RECORDED INFORMATION
★ ★ ★ ★

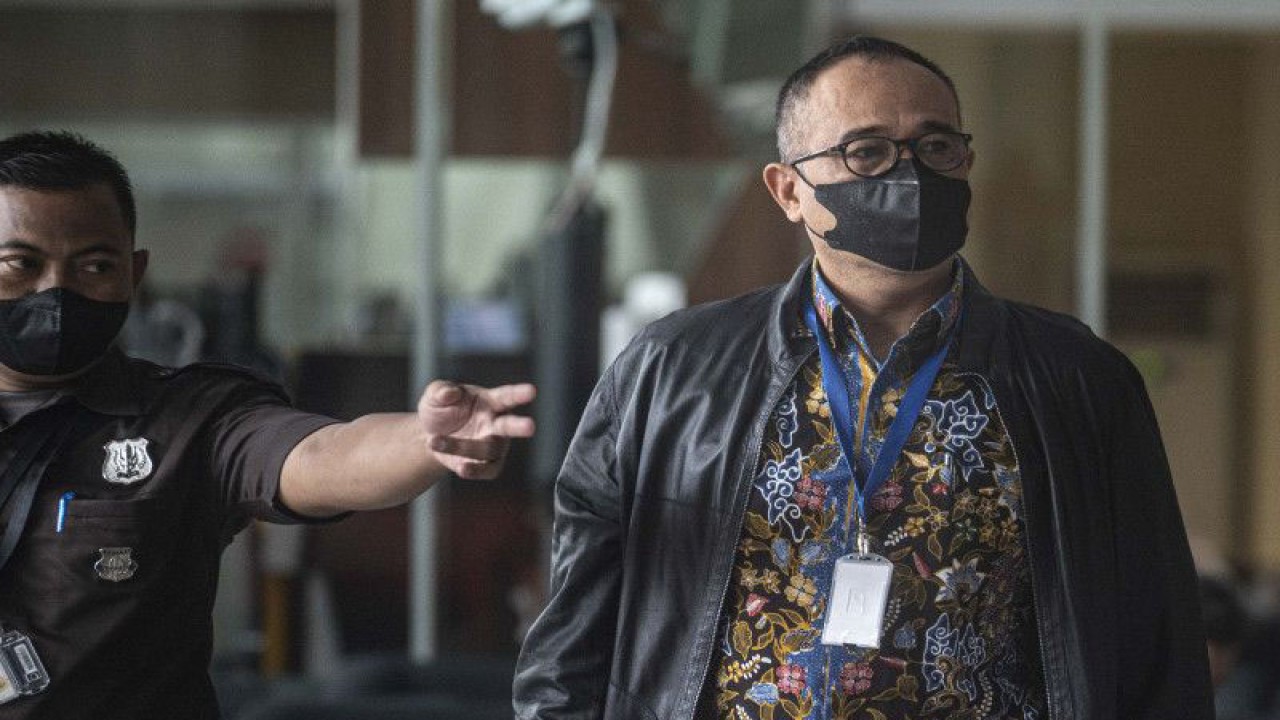Mantan Kepala Bagian Umum Kantor Wilayah DJP Jakarta Selatan II Rafael Alun Trisambodo (kanan) bersiap menjalani pemeriksaan di Gedung KPK, Jakarta, Rabu (1/3/2023). (ANTARA FOTO/Aprillio Akbar/aww)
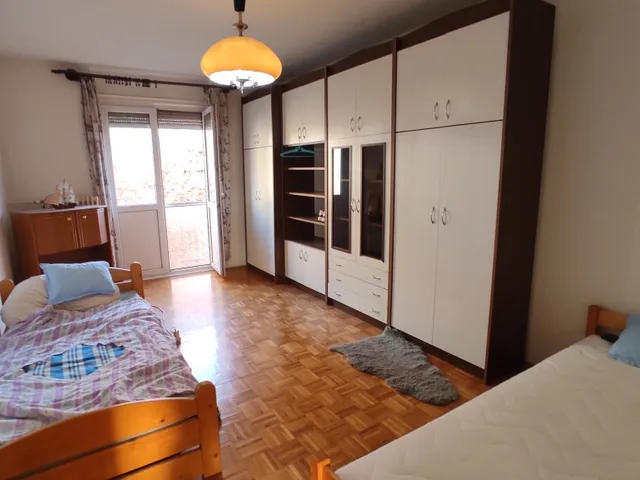 Eladó lakás Dunaújváros, Táncsics Mihály utca 44 nm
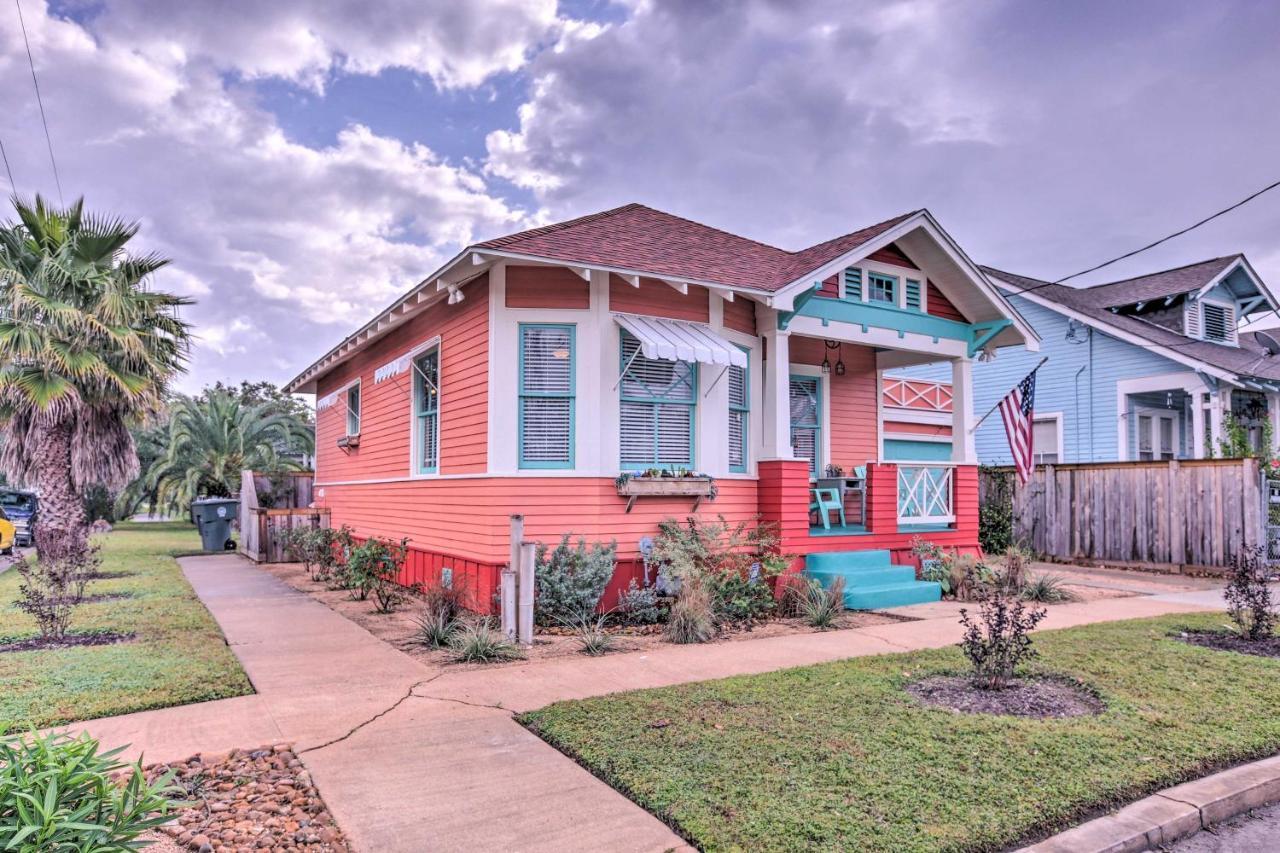 Holiday home Bright Texas Retreat Near Pleasure Pier And Beach!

★ ★ ★ ★

YOUR OBJECTIVE
Reproduce, exactly and with no pictures, the lines from the line containing "Eladó lakás Dunaújváros, Táncsics" through the closing line of the data above, keeping both ends.

RESPONSE TO THIS TASK
 Eladó lakás Dunaújváros, Táncsics Mihály utca 44 nm
 Holiday home Bright Texas Retreat Near Pleasure Pier And Beach!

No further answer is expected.